Artemis moon decisions hinge on unfilled NASA position


Permanent associate administrator's job has been vacant since July

With an already aggressive schedule lying ahead, key decisions in the Trump administration’s plan to land humans on the moon by 2024 are awaiting a senior position to be filled, a NASA official told a congressional panel today.

In a hearing billed as an update on NASA’s space exploration systems, lawmakers of both parties pressed Ken Bowersox, acting associate administrator for human exploration and operations, about the schedule for the proposed Artemis lunar landing program. Decisions including when to conduct the first flight of the Space Launch System rocket won’t be made until NASA fills the human exploration and operations position on a permanent basis, said Bowersox.

“I think they’ve got a goal to be done with that process by the end of the year,” Bowersox told lawmakers.

Bowersox has been the interim head of NASA’s Human Exploration and Operations Mission Directorate, or HEO, since July when the agency reassigned Bill Gerstenmaier and one of his deputies “in an effort to meet” the 2024 deadline, NASA Administrator Jim Bridenstine said at the time in a memo to employees.

Without a permanent replacement two months later, Democratic lawmakers on the House Science space subcommittee suggested that the staffing changes may be negatively affecting the schedule for Artemis, for which the first major milestone would be the Artemis-1 uncrewed flight of SLS and the Orion crew capsule.

“Working on tight timelines is impacted by the lack of an individual who can make those critical decisions,” said Rep. Kendra Horn, D-Okla., chair of the subcommittee.

Why must NASA wait to schedule Artemis-1? “We want to give a new person a chance to take a look at” current schedule estimates, Bowersox said. He put the earliest date for Artemis-1 at the end of 2020, but a June report from the Government Accountability Office said a 2021 launch is more likely.

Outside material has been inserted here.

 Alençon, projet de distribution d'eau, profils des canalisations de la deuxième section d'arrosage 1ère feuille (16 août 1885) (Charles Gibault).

“There’s some uncertainties in there that before they commit to it, [the associate administrator] should be able to exercise their judgment,” Bowersox added.

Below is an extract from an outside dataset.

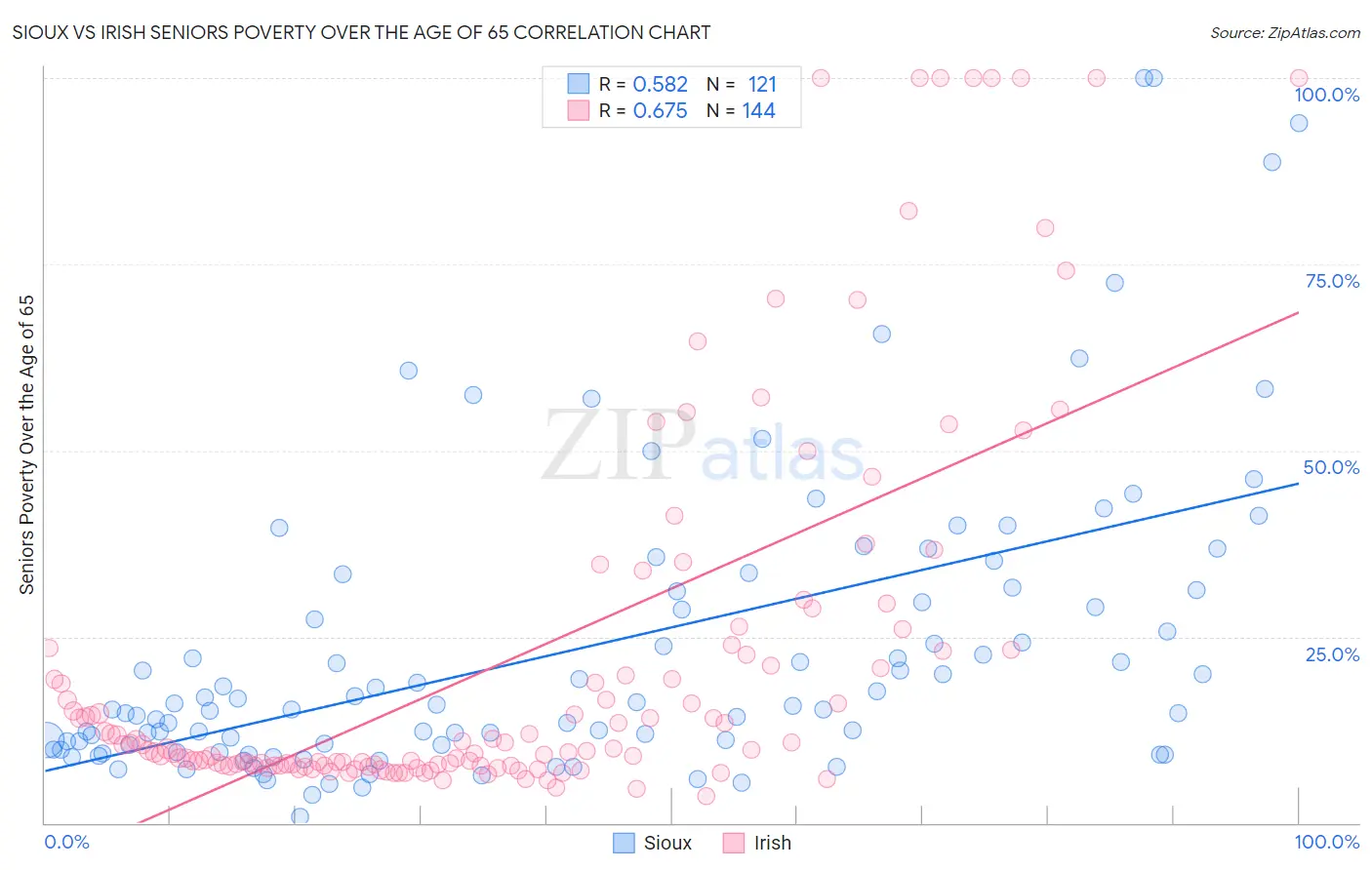 Sioux vs Irish Seniors Poverty Over the Age of 65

Aside from personnel, he said the most immediate need for Artemis is funding. Congress has yet to approve any of the $1.6 billion the White House has requested for Artemis for fiscal 2020, without which NASA can’t start work on a lunar lander. Current plans call for a commercially designed and built lander that NASA will buy as a service. The agency plans to award contracts for three landers to be built, betting that at least two will be ready for the 2024 landing.

Bowersox said the agency could wait until “roughly the end of the year” to award lander contracts before the 2024 deadline is in jeopardy.

“We’re going to do our best to make” the deadline, he said, “but what’s important is we launch when we’re ready.”